Home > Jack Kerouac is Dead to Me(13)

Jack Kerouac is Dead to Me(13)
Author: Gae Polisner

“Hello, Mrs. Markham!” Max calls out a little too enthusiastically. He veers toward her, and Mom’s head jerks up and she smiles, but her eyes stay glazed and distant.

“Jackie?” She perks up, turning to where Max stands, not seeing me at all.

“Mom … It’s Max.”

She stands and takes a step closer. Max’s eyes stay glued to her legs. Of course they are. She may be deluded, but she’s half-naked, and beautiful.

“Mom!” I clear my throat. “This is Max. Max Gordon. My boyfriend. You know him.”

Max looks at me, confused, and I seriously think I’m going to have a heart attack. I look back to Mom and squeak out, “Mom, please”—and her eyes catch mine, and something clicks. My breath returns.

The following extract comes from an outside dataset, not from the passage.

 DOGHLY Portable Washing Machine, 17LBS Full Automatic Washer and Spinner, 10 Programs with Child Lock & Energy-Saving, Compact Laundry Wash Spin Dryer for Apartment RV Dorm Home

“Of course,” she says, nodding.

She closes the book in her hand, drops it on the chair. The cover is white, a paperback with orange and red squares. Black title. On the Road, by Jack Kerouac. She’s been reading it for weeks. The pile of envelopes flashes through my head: Jean-Louis Kerouac. Return to Sender. I haven’t asked about my name yet. I can’t bring myself to do it.

“Max Gordon,” I say again. “You remember Max, Mom, right?”

“Of course I do; don’t be silly,” my mother says, more assertively now. “Did you tell me he’d be here?” She holds out a hand to shake his, tugging at the hem of her robe with the other like she’s realized she’s not dressed appropriately, but it’s not like there’s more fabric to go around.

“No, he wasn’t planning to stay … We fell asleep … We had let the butterflies out and the TV was on, so…” But I don’t bother finishing because it’s not like she cares. Her eyes snap to mine, so I add, “His bike is outside. I was sure you’d see it.”

“Right,” she says, focusing on Max. “Well, I’m so pleased to see you again, Maxwell.”

Maxwell? She calls him Maxwell like she’s morphed into some modern-day Amanda Wingfield, the mother in the play I first read in Hankins’ class, the one that led Max to asking me out. The Glass Menagerie, it was called, about this girl Laura who has a really bad limp from some disease she had as a child. So, she’s basically a recluse, and all she does is listen to old records and play with her prized collection of glass animals.

Max had immediately volunteered to read the part of Tom, Laura’s brother, who works in a factory but dreams of being a poet. Raj Thakur was reading for Jim, a work friend of Tom’s who comes for dinner and who the mother, Amanda, hopes will fall in love with Laura. At first you think there’s no way he will, and anyway Amanda keeps flirting with him, but the two of them do actually go to Laura’s room, and they hit it off, and even end up slow dancing, but it turns out Jim is engaged and the whole thing only gets sadder from there.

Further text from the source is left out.